Problem details ▸ The entries that follow need to be reproduced exactly, minus any images.

········

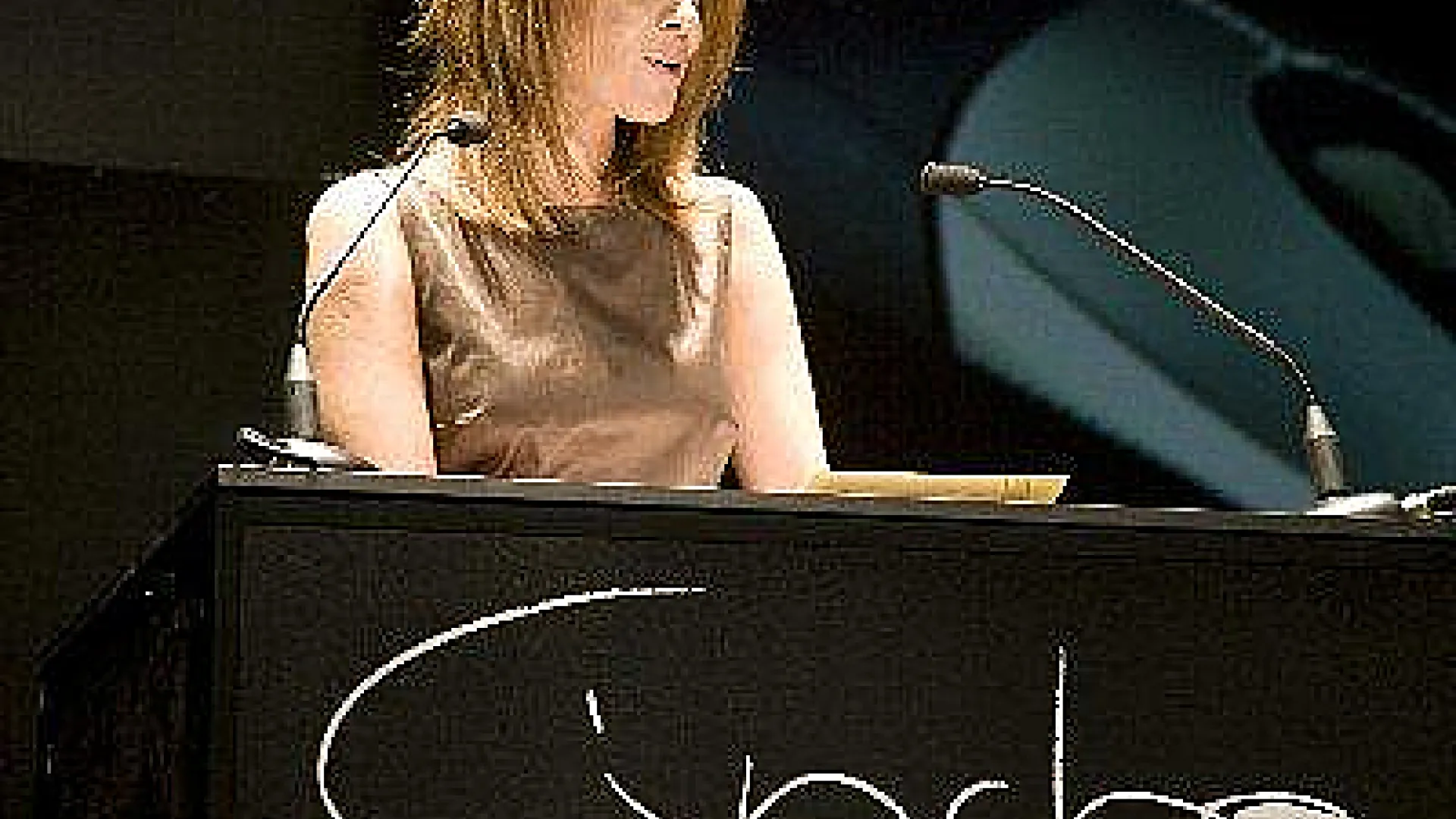 Madison Comunicación & Eventos 3 Madison3.jpg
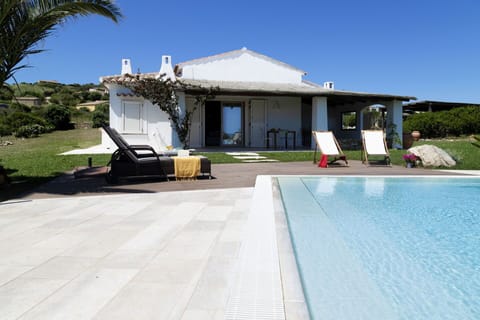 Building Exterior, Pool, Spring, Summer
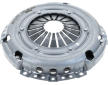Sada spojky SACHS 3000 950 100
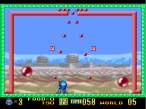 Super Pang (2).gif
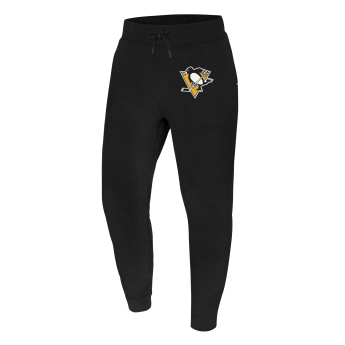Pittsburgh Penguins muške donji dio trenirke imprint 47 burnside pants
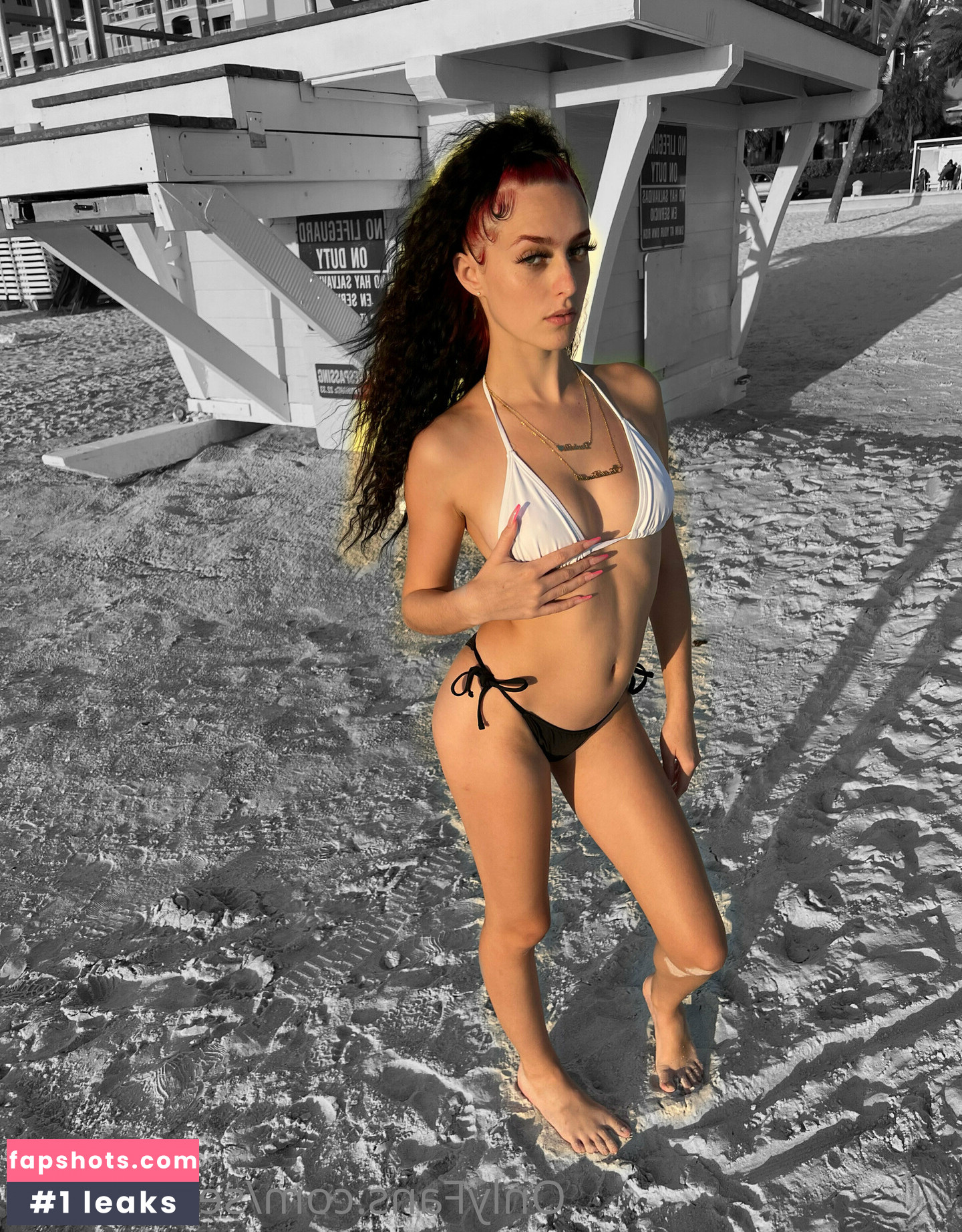 sexiibunniii Nude Leaks OnlyFans Photos #5 - LeakJerk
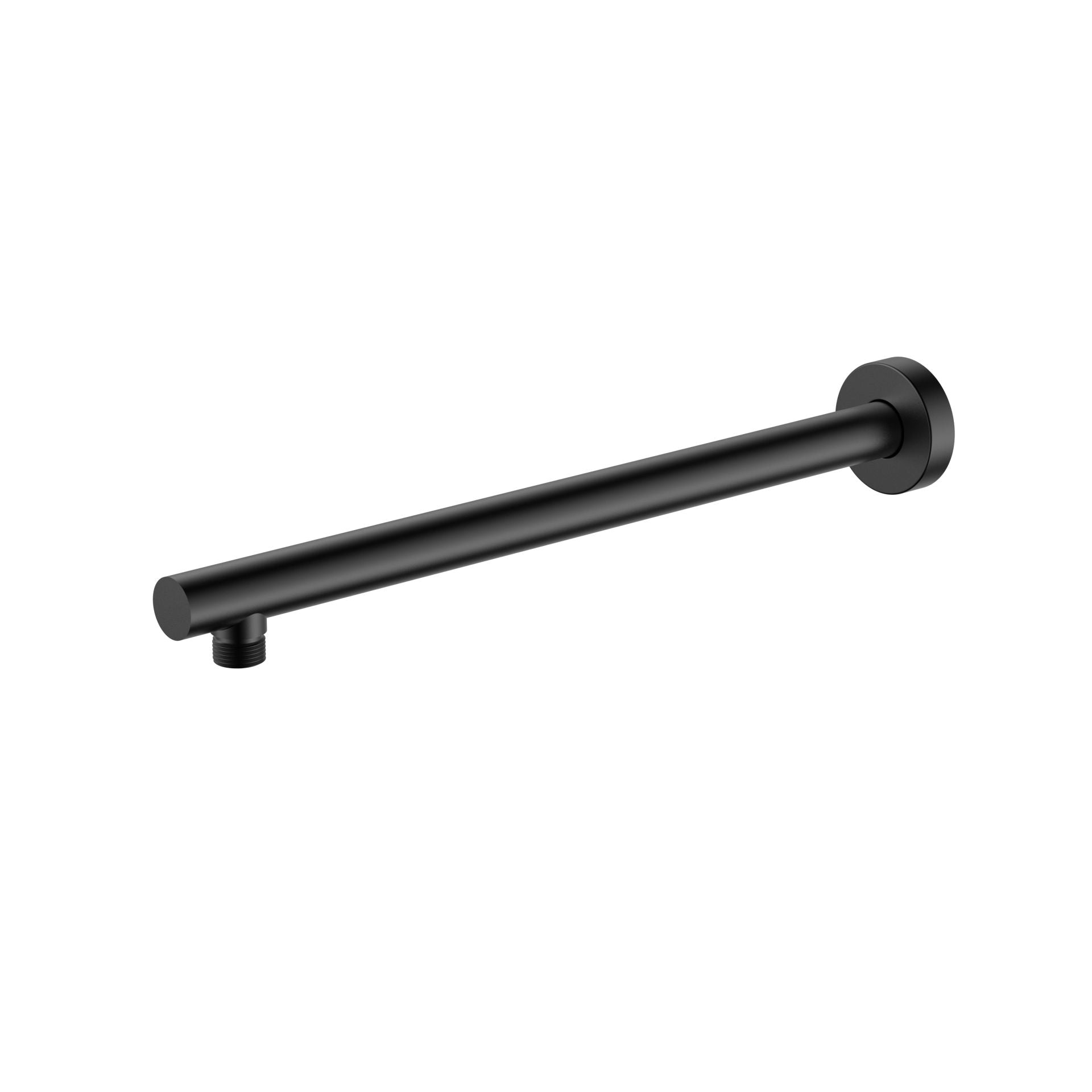 Douchearm Muurbevestiging 40 cm
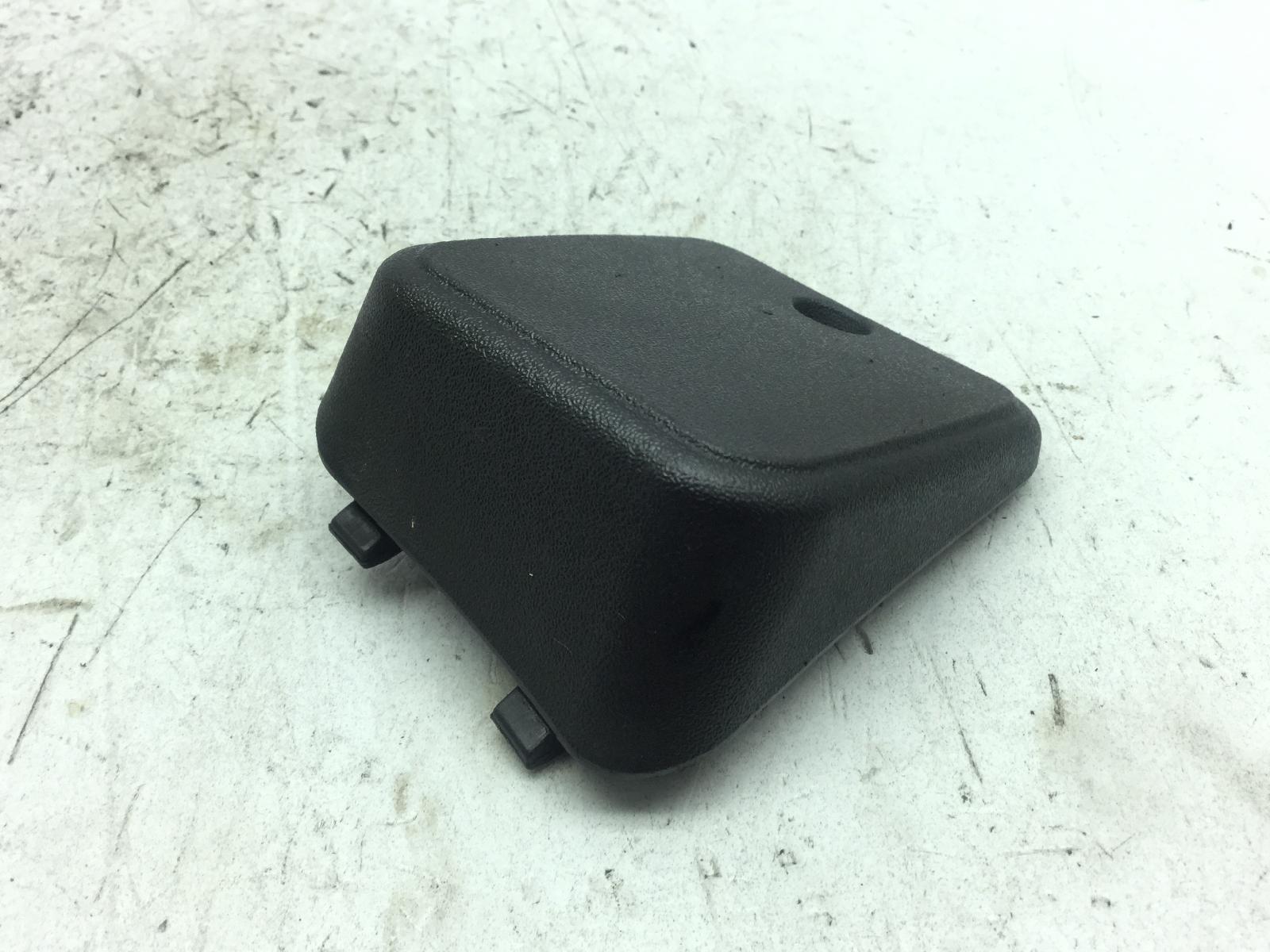 Piaggio mp3 ie mic 300 coperchio pompa freno destra 2010 2011 m63301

········

Task result ▸
 Madison Comunicación & Eventos 3 Madison3.jpg
 Building Exterior, Pool, Spring, Summer
Sada spojky SACHS 3000 950 100
 Super Pang (2).gif
Pittsburgh Penguins muške donji dio trenirke imprint 47 burnside pants
 sexiibunniii Nude Leaks OnlyFans Photos #5 - LeakJerk
 Douchearm Muurbevestiging 40 cm
 Piaggio mp3 ie mic 300 coperchio pompa freno destra 2010 2011 m63301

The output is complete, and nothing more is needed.